Es lamentable que pretendidas políticas civilizatorias y digamos modernas en materia de seguridad pública, sean víctimas de un cuestionamiento superfluo e ideologista y terminen siendo orientadas a la utilización del derecho represivo frente a la ocurrencia de los múltiples conflictos sociales. El Estado y sobretodo los legisladores no deben continuar concibiendo la función policial como exclusivamente represora del crimen y a la policía como una agencia estatal destinada sólo a la ejecución de la norma penal.

En otro plano, una afligida sociedad se pregunta cómo después de firmada la paz, veinte años de gobiernos ultraderechistas han propiciado un tremendo fracaso frente al avance del crimen y de la impunidad, permitiéndoles incrustarse en nuestro imaginario social con la categoría de cultura.

La respuesta está en una visión simplista de las causas del delito y en la falta de capacidad para reconducir a la policía, la cual evidencia ya un deterioro grave y acelerado. Es posible que hace quince años hayamos pensado, consciente o inconscientemente, en una policía para controlar delitos manifiestos contra los bienes y el mantenimiento del orden público, pero ahora, frente a nuevas formas de criminalidad, debe adoptarse otro modelo psicológico de selección policial y sin duda, de profesionalización y organización.

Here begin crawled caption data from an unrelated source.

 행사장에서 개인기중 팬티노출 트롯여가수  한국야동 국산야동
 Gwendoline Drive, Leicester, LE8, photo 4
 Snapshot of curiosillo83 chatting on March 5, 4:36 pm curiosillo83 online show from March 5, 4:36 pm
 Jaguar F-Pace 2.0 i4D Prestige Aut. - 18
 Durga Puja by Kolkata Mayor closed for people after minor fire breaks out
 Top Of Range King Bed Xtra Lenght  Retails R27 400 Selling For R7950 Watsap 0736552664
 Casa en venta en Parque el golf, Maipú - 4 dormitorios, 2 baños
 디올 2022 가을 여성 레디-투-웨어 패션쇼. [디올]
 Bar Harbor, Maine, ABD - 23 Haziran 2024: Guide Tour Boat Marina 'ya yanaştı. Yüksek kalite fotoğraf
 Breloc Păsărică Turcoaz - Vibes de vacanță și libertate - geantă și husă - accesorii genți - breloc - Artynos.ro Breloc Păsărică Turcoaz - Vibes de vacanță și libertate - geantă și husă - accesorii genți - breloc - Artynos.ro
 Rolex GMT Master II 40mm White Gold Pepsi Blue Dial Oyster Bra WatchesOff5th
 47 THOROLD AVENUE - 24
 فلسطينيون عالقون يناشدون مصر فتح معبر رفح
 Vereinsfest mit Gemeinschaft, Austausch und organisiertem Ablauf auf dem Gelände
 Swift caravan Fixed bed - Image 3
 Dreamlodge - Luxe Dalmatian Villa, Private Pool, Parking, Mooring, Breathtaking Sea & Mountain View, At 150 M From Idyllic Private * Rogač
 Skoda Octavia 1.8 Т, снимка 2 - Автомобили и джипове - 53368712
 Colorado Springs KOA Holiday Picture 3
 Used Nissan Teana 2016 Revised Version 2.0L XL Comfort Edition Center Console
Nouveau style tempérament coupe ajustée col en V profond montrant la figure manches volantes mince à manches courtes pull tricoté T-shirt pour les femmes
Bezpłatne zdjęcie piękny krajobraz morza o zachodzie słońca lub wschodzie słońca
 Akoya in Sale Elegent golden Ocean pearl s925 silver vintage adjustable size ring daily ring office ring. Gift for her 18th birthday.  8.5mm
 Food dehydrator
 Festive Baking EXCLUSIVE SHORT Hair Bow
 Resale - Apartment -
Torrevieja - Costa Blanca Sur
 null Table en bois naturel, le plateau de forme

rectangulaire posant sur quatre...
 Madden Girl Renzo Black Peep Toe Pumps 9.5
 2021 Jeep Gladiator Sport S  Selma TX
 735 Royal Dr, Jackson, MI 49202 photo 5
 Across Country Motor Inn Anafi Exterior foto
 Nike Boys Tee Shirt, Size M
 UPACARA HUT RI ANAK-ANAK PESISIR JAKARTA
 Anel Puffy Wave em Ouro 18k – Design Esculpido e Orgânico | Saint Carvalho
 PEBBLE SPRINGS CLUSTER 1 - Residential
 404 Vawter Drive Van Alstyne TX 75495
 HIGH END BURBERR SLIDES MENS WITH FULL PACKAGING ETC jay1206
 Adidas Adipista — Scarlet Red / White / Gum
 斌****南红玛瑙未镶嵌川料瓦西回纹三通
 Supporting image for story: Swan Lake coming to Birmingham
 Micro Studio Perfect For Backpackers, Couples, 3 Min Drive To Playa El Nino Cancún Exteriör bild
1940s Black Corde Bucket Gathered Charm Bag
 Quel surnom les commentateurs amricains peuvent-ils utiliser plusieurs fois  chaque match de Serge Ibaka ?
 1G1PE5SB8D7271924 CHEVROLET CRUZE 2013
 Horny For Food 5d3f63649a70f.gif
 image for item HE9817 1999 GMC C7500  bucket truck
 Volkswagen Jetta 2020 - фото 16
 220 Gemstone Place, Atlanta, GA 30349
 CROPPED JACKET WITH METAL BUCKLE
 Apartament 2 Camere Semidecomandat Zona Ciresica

Si la nueva realidad nos demanda construir un Estado democrático dónde el Derecho no sólo sea norma sino un límite del poder y la característica sea eficacia y sabiduría para gobernar respetando las libertades, no nos escudemos culpando al Derecho de nuestra incapacidad de entender la democracia, por que en el principio de este mito se encuentra la mentira que legitima a los tiranos.

La maquinaria punitiva del Estado se ha visto incrementada cuantitativa y cualitativamente desde hace ya tiempo. Esta incrementación se produce, obviamente, en el plano de lo que la doctrina más popular denomina “criminalización primaria”. Pero en el plano de la criminalización secundaria la situación es la inversa. Nos encontramos con la imposibilidad física de canalizar todo aquello que se “criminaliza” primariamente. Las razones por las cuales estas agencias de criminalización secundaria se ven imposibilitadas de acarrear con aquél aumento desmedido de la incriminación legislativa, pueden obedecer, según creo, a dos factores.

Por un lado, existe una “intrínseca ineptitud operacional” para concretizar la amenaza de pena concebida teóricamente de modo abstracto. Es decir, las agencias secundarias no tienen el “poder” para detectar ciertos delitos entre los que se encuentran los más relevantes en el contexto actual latinoamericano. Vale poner como ejemplo, la enorme cantidad de delitos económicos y de corrupción, cuya investigación prácticamente se obvia o se encarga a ciertas instituciones secundarias que por la propia génesis del sistema político se ven imposibilitadas para detectarlos. Por otro lado, nos encontramos frente a una criminalización primaria tan ilusa, simplista y demagógica, que echa mano al Código Penal para solucionar problemas que deben ser resueltos en otro plano.